**TASK OBJECTIVE:**
The stretch wanted below opens at the line containing "Tiefschnitt eines barfuß" and closes at the line containing "794 White Oak". Please return it exactly, with no other lines.

**RECORD SET:**
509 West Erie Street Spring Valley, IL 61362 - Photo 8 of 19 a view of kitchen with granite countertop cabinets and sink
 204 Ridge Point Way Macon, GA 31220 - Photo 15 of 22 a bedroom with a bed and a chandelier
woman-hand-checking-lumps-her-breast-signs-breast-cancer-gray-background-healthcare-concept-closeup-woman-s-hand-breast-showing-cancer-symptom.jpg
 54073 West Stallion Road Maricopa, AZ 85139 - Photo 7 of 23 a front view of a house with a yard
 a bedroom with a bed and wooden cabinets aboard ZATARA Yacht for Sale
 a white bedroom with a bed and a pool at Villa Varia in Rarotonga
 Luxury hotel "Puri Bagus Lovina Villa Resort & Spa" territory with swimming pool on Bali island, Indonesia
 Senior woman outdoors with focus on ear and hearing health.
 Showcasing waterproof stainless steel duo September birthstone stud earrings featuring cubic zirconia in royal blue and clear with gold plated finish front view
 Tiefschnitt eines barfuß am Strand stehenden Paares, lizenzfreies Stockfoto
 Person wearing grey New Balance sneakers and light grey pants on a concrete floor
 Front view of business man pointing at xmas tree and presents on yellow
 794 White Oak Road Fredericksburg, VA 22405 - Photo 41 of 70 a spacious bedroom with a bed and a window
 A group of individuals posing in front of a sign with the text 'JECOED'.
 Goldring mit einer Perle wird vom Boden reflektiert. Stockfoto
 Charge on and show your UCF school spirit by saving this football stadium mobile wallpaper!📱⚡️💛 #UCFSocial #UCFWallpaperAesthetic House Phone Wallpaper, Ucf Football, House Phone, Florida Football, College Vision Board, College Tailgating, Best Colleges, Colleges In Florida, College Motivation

**EXERCISE SOLUTION:**
 Tiefschnitt eines barfuß am Strand stehenden Paares, lizenzfreies Stockfoto
 Person wearing grey New Balance sneakers and light grey pants on a concrete floor
 Front view of business man pointing at xmas tree and presents on yellow
 794 White Oak Road Fredericksburg, VA 22405 - Photo 41 of 70 a spacious bedroom with a bed and a window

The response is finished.